Valeu tudo: tratar um sujeito como predicado, usar um "ç" em vez de dois "s", inventar palavras. O Gabinete de Avaliação Educacional (GAVE) do Ministério da Educação deu ordens para que nas primeiras partes das provas de aferição de Língua Portuguesa do 4.º e 6.º anos, os erros de construção gráfica, grafia ou de uso de convenções gráficas não fossem considerados. E valeu tudo menos saber escrever em português. Isso não deu pontos.
Os exemplos não faltam. As explicações também não, apesar de nenhuma chegar do ministério. "Pensamos que a ideia do GAVE é que se avalie as competências de leitura e as competências de escrita em separado - e que, na primeira parte, de análise do texto, se avalie apenas se os alunos o compreenderam", diz Paulo Feytor Pinto, da Associação de Professores de Português.
"Mas estranhamos todos que seja assim", acrescenta. É que "às tantas não sabemos se o aluno de facto compreendeu o texto mas não se sabe exprimir, ou se se sabe exprimir mas não compreendeu o texto".
Arminda Bragança, professora de Inglês/Alemão e dirigente da Federação Nacional dos Sindicatos da Educação (FNE), vai mais longe: "Estamos a tratar da língua materna e é sabido que nós, os portugueses, temos um grande problema com ela." Por isso, diz, "há que acertar os objectivos do investimento na promoção da aprendizagem da língua portuguesa." Ou se investe, ou não.

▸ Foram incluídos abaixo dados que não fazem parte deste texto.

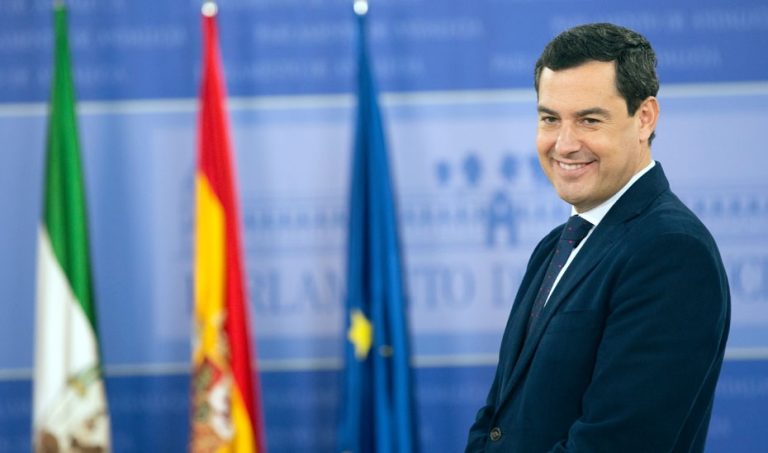 El CIS prevé una mayoría absoluta raspada para el PP en Andalucía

É que, para Arminda Bragança, "o Ministério da Educação tem feito um esforço grande nesse sentido, mas parece que há aqui critérios contraditórios com o objectivo de investir na nossa língua". Se o aluno não consegue exprimir o que entende, pergunta, devemos ficar satisfeitos? "O que queremos é que os alunos saibam escrever e falar melhor português, não é?"
A intenção é que conta?
"A intenção que está detrás disto é a de avaliar se os alunos são capazes de interpretar e dar conta do que interpretaram sem que sejam penalizados por dar erros. Só na composição é que a sua capacidade de escrita é avaliada", resume Ana de Sousa, professora de português. Faz sentido? "Faz, percebemos a intenção de avaliar as competências separadamente, mas sentimo-nos traídos." Porquê? "Passamos um ano a exigir ao alunos respostas completas, bem construídas e sem erros e depois chegamos ao exame e acontece isto."
Mais: "Fica-se sujeito a que os professores que entendam as respostas as pontuem e os que não as entendam não as pontuem." Faz sentido, repete. "Mas custa-me aceitar." Até porque, acrescenta, "como é que se sabe que um aluno compreende o que leu se a resposta tem uma construção frásica que a torna incompreensível?"
Escolha múltipla é solução
Este sistema de avaliação não deverá ser o sistema "ideal" de avaliação, diz Paulo Feytor Pinto. Para a Associação de Professores de Português, a solução para este problema chama-se "escolha múltipla". Com ela, "são avaliadas só as competências de leitura e não também as de escrita". Para o professor, "mecanismos que permitam distinguir as capacidades de leitura e de escrita são os ideais".
O DN contactou o Ministério da Educação para obter um esclarecimento sobre a matéria, mas não teve qualquer resposta até à hora de fecho desta edição.